Die Drähte, welche die inducirten Zähne B umhüllen,
enden auf einer Seite im Manipulator M und auf der
anderen in Knöpfen K, wo die Rückleitung mündet. Der
Manipulator besteht aus so viel Theilen, als die Maschine Ströme für eine
Lampengruppe liefern kann, was von der Anzahl der Zähne abhängt. Jeder
Manipulatortheil hat zwei Knöpfe C, C'; in den einen
mündet der Draht der Elektricitätsquelle, im andern der Draht des Regulators. Der
Manipulator öffnet oder schlieſst diese Ströme einzeln, so daſs man nach Belieben
eine Anzahl Lampen auslöschen kann. Man kann auch die einzelnen Theile des
Manipulators mit einander verbinden, um die Ströme in den einzelnen Lampen zu
vervielfachen. Der Regulator, der an den Lampen angebracht ist., wirkt in jeder Lage
gleich gut; dies ist von groſser Wichtigkeit bei der Anwendung auf Schiffen. Bei den
gewöhnlichen Regulatoren werden die Kohlenspitzen durch Elektromagnete in genügender
Entfernung von einander gehalten. Die Elektromagnete vermehren aber durch ihre
Einschaltung in den Stromkreis den Widerstand und verschlingen so eine nicht
unbedeutende Elektricitätsmenge. Diese Elektromagnete sind im Lontin'schen Apparate einfach durch Metalldrähte
ersetzt, die sich bei Erhitzung durch den durchgehenden Strom ausdehnen. Die Lampe
brennt so vollständig regelmäſsig und ohne jedes Zittern. Der Apparat, der während
der Verbrennung die Kohlenspitzen einander allmälig nähert, ist auch höchst einfach.
Die Hauptleitung steht mit einem kleinen Solenoïd aus sehr dünnem Draht in
Verbindung. Ein Theil des Stromes geht erst dann durch diesen dünnen Draht, wenn die
Kohlenspitzen zu weit aus einander sind, also der Widerstand in der Hauptleitung
wächst; dann bewirkt eine sehr bewegliche Eisenstange im Innern des Solenoïds die
Auslösung des Motors, welcher die Kohlenspitzen annähern soll; sowie der Strom nicht
mehr durch das Solenoïd flieſst, löst das Eisen den Motor wieder ein.

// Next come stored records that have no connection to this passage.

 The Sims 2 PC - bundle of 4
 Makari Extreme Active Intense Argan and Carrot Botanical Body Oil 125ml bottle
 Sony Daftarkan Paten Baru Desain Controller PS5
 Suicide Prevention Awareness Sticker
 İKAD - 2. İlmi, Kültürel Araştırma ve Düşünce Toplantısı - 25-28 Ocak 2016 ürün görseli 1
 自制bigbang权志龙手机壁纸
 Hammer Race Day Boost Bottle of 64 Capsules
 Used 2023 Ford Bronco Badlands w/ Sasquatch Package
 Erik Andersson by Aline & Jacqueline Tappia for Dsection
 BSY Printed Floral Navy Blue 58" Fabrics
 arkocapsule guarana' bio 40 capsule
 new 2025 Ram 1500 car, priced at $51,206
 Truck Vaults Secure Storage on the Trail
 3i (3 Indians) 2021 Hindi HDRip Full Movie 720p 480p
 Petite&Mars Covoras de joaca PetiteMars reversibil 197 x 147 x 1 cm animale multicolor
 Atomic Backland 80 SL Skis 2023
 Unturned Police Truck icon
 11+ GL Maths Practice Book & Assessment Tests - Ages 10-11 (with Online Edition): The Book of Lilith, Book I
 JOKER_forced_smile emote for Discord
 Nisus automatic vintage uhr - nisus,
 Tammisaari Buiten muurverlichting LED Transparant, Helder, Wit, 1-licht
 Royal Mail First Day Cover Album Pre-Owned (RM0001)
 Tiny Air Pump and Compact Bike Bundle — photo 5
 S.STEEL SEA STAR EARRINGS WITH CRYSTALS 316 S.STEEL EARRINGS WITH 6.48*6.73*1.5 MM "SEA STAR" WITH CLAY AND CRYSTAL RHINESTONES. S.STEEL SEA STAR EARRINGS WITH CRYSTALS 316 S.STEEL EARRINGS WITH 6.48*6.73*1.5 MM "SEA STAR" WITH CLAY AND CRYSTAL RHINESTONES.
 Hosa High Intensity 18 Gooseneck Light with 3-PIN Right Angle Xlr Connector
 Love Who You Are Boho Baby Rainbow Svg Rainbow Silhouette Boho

Die Hilfsmaschine, welche den constanten Strom in den inducirenden Rollen erzeugt,
besteht aus einem gewöhnlichen Elektromagnete, zwischen dessen Polen P, P (Fig. 10 Taf. 37) sich
eine Trommel mit Zähnen aus weichem Eisen befindet. Die Zähne sind von Drahtrollen
umgeben und deren Enden so mit einander verbunden, daſs man einen einzigen
geschlossenen Stromkreis erhält. Die Ströme werden aus den Rollen zur Achse geleitet, von wo aus sie
mittels Bürsten und Drähten dd abgeführt werden. Dreht
man nun die Trommel in der Ebene der Elektromagnetkerne, so erzeugt der permanente
Magnetismus des Elektromagnetes zuerst sehr schwache Ströme in den Rollen. Diese
Ströme werden durch die Abführungsdrähte d zum
Elektromagneten zurückgeführt und dadurch die Ströme in den Rollen immer stärker.
Man erlangt so einen constanten elektrischen Strom, welcher der vorherbeschriebenen
Hauptmaschine zugeleitet wird. Man kann diese Hilfsmaschine auch sehr bequem als
elektrodynamische Maschine für sich allein benutzen.
Die Einrichtung auf dem Pariser Bahnhofe ist eine sehr bequeme; beide Maschinen sind
auf derselben Achse in geringer Entfernung neben einander gekuppelt, drehen sich
also mit derselben Winkelgeschwindigkeit. (Nach der Eisenbahn, 1877 S. 137.)